Un Parlement impuissant face à l'exécutif
Le spectacle est édifiant : l'Assemblée nationale, gardienne de la démocratie, se retrouve aujourd'hui dans l'incapacité de faire appliquer ses propres décisions. Alors que le gouvernement Lecornu II accumule les retards dans la publication des décrets d'application, le taux d'exécution des lois chute dramatiquement, passant de 87 % à seulement 55 % depuis la dissolution de 2024. Une situation qui interroge sur la santé réelle de nos institutions.
La démocratie en berne
« On ne peut pas voter des textes et constater qu'ils ne sont pas appliqués », avait tonné Yaël Braun-Pivet lors de ses vœux à la presse. Une mise en garde qui résonne comme un aveu d'impuissance. Selon les chiffres officiels, sur les 45 lois votées depuis le début de la législature, seules huit sont intégralement appliquées. Pire, seulement 24 % des mesures le sont dans les six mois suivant leur adoption, alors qu'une circulaire de l'ancienne Première ministre Élisabeth Borne fixait ce délai comme impératif.
Un gouvernement sous pression
Le ministre des Relations avec le Parlement, Laurent Panifous, a dû rendre des comptes devant l'Assemblée. Interrogé sur ces manquements, il a évoqué des « difficultés techniques » et des « priorités budgétaires ». Des explications qui peinent à convaincre les députés, notamment ceux de la gauche, qui dénoncent une stratégie de contournement démocratique.
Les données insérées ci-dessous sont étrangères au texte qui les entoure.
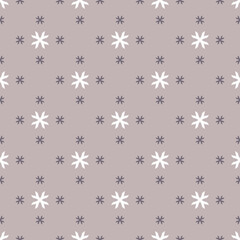 Vector geometric floral pattern. Abstract minimal seamless texture. Simple ornament with small flower shapes, crosses. Elegant background in soft lilac and white color. Cute repeat decorative design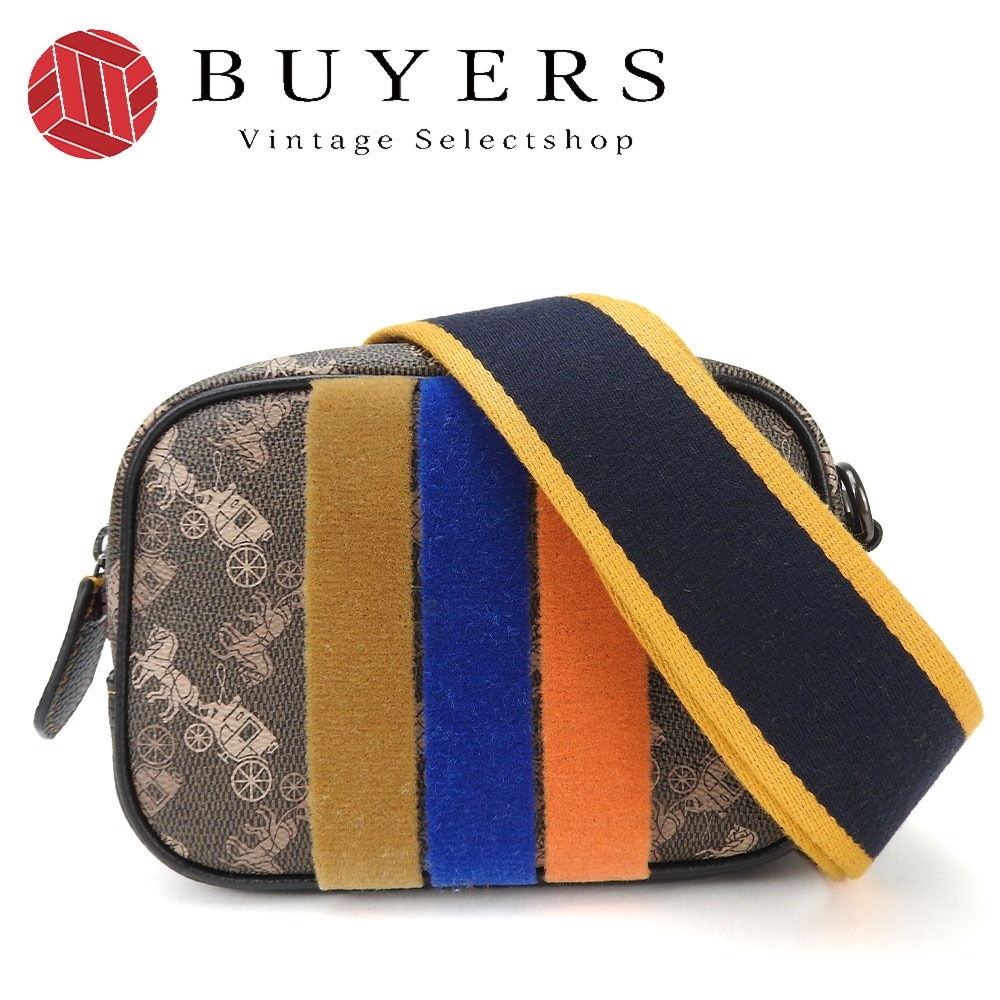 中古 コーチ ショルダーバッグ ポシェット カメラバッグ 斜めがけ 79241 レザー PVC 革 馬車 ブラウン系 ブラック カジュアル レディース 女性 COACH shoulder Bag le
Les conséquences d'un pouvoir exécutif tout-puissant
Cette crise d'application des lois s'inscrit dans un contexte plus large : celui d'un exécutif qui, sous la présidence Macron, a progressivement étendu son emprise sur le législatif. « Le gouvernement utilise les retards administratifs comme un outil de filtrage politique », estime un député LFI. Une accusation reprise par une partie de la gauche, qui y voit un moyen de contourner les décisions parlementaires.
Un précédent dangereux
Si cette situation perdure, elle pourrait avoir des conséquences dramatiques sur la confiance des citoyens envers leurs institutions. La démocratie locale, déjà fragilisée par les crises successives, risquerait d'être encore affaiblie par ce déficit de légitimité. « Quand les lois ne sont pas appliquées, c'est toute la crédibilité de la République qui est en jeu », alerte un sénateur écologiste.
Vers une réforme urgente
Face à cette situation, des voix s'élèvent pour exiger une réforme en profondeur. Certains proposent de renforcer les pouvoirs de contrôle du Parlement, tandis que d'autres réclament une meilleure coordination entre l'exécutif et le législatif. La crise des vocations politiques pourrait bien être aggravée par cette défiance croissante envers les institutions.
Reste à savoir si le gouvernement Lecornu II saura répondre à cette exigence démocratique, ou s'il choisira de poursuivre sa politique de contournement. Une chose est sûre : le Parlement ne compte pas abandonner sans combattre.